WHAT YOU HAVE TO DO: Repeat exactly, please, the lines that begin at the start of the listing and end at the line holding "Bernardo Women's Tan and White Sandals".

DATA FOR REVIEW:

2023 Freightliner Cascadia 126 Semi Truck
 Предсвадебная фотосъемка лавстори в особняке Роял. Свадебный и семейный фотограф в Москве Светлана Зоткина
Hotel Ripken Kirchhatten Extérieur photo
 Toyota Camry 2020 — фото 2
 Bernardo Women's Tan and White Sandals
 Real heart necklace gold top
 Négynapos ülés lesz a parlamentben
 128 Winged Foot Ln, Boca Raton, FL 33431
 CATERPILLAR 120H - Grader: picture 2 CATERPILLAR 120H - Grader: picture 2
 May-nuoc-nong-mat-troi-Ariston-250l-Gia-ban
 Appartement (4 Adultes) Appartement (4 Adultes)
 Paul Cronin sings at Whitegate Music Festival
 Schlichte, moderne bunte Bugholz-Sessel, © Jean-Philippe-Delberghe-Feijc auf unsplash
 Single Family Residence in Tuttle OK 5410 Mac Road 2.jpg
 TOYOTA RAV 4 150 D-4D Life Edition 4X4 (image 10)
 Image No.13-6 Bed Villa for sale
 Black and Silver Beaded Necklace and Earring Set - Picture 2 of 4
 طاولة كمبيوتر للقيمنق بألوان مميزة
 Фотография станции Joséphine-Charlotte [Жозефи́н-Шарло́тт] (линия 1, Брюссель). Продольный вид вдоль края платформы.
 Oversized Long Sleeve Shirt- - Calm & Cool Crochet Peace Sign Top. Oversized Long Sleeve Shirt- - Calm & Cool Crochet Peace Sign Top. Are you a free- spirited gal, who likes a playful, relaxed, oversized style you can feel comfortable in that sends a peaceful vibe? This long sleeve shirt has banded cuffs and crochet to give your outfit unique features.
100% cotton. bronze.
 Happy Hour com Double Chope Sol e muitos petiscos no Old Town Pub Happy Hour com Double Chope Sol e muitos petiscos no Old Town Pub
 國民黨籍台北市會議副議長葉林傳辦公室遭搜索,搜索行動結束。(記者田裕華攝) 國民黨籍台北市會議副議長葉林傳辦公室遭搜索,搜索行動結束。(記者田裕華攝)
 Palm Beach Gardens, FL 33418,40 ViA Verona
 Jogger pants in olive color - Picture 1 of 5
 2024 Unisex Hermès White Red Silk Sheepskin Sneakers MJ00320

PROBLEM SOLUTION:
2023 Freightliner Cascadia 126 Semi Truck
 Предсвадебная фотосъемка лавстори в особняке Роял. Свадебный и семейный фотограф в Москве Светлана Зоткина
Hotel Ripken Kirchhatten Extérieur photo
 Toyota Camry 2020 — фото 2
 Bernardo Women's Tan and White Sandals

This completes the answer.